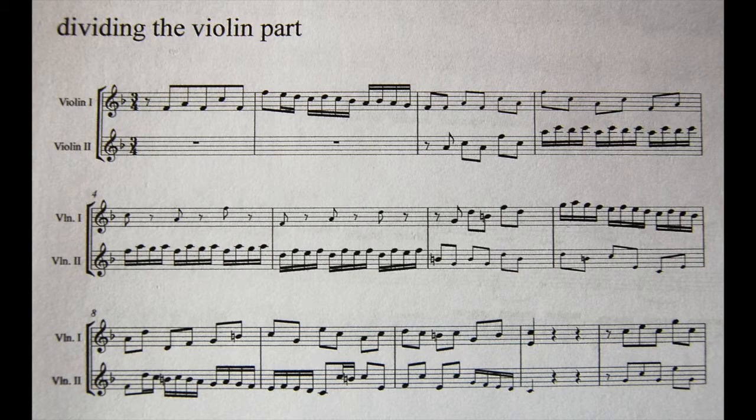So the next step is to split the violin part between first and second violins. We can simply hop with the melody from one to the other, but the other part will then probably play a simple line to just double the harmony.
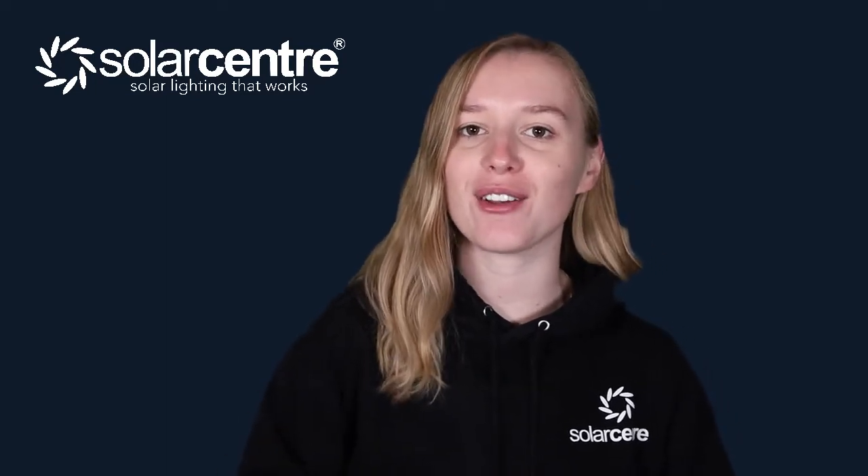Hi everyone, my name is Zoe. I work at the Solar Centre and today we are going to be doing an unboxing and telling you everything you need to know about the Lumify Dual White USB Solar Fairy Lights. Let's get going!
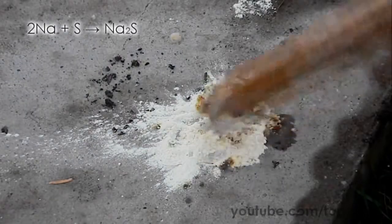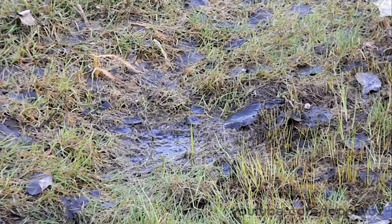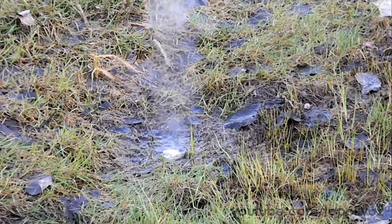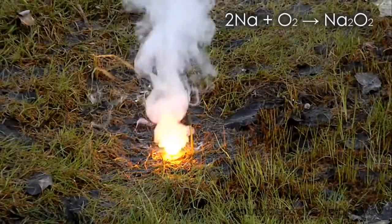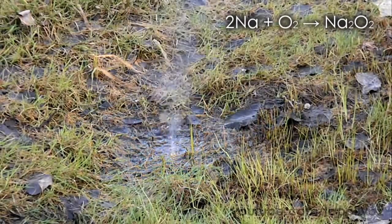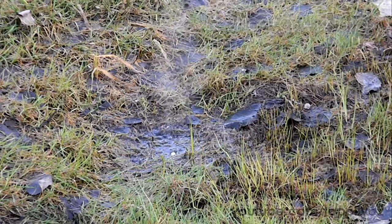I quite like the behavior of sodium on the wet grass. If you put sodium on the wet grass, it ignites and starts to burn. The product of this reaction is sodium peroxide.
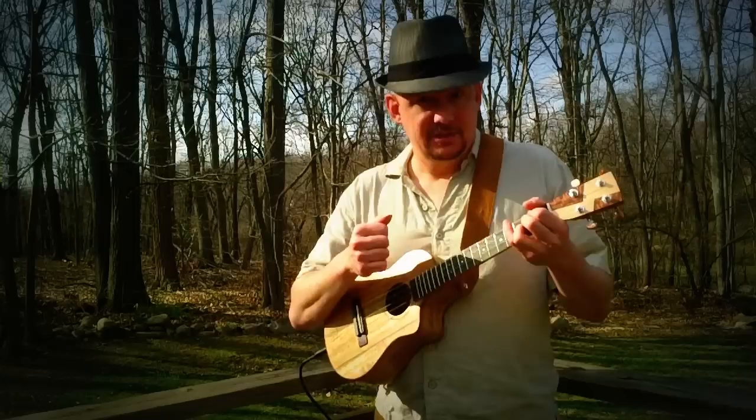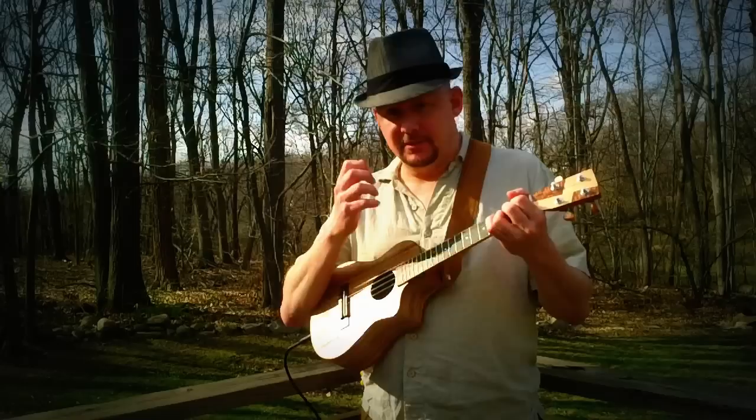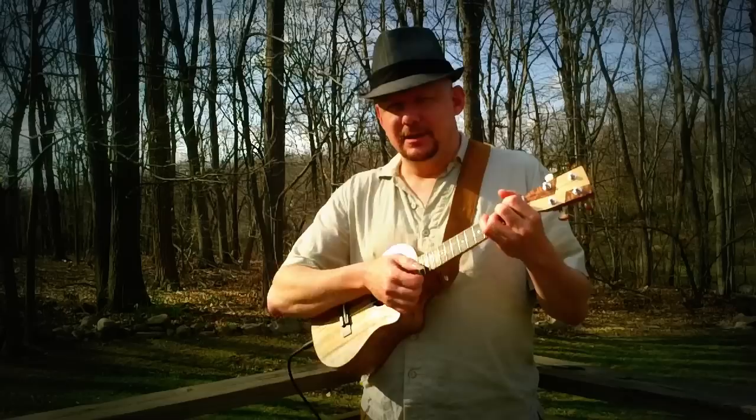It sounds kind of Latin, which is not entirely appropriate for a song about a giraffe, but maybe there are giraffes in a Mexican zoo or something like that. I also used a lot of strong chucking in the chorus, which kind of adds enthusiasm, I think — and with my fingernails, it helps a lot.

-=-=-=-=-

### THE TASK
Print each line of the listing, starting at its first and ending with the line that holds "Hi everyone, my", but skip any pictures.

### SOLVED EXERCISE
So the next step is to split the violin part between first and second violins. We can simply hop with the melody from one to the other, but the other part will then probably play a simple line to just double the harmony.
Hi everyone, my name is Zoe. I work at the Solar Centre and today we are going to be doing an unboxing and telling you everything you need to know about the Lumify Dual White USB Solar Fairy Lights. Let's get going!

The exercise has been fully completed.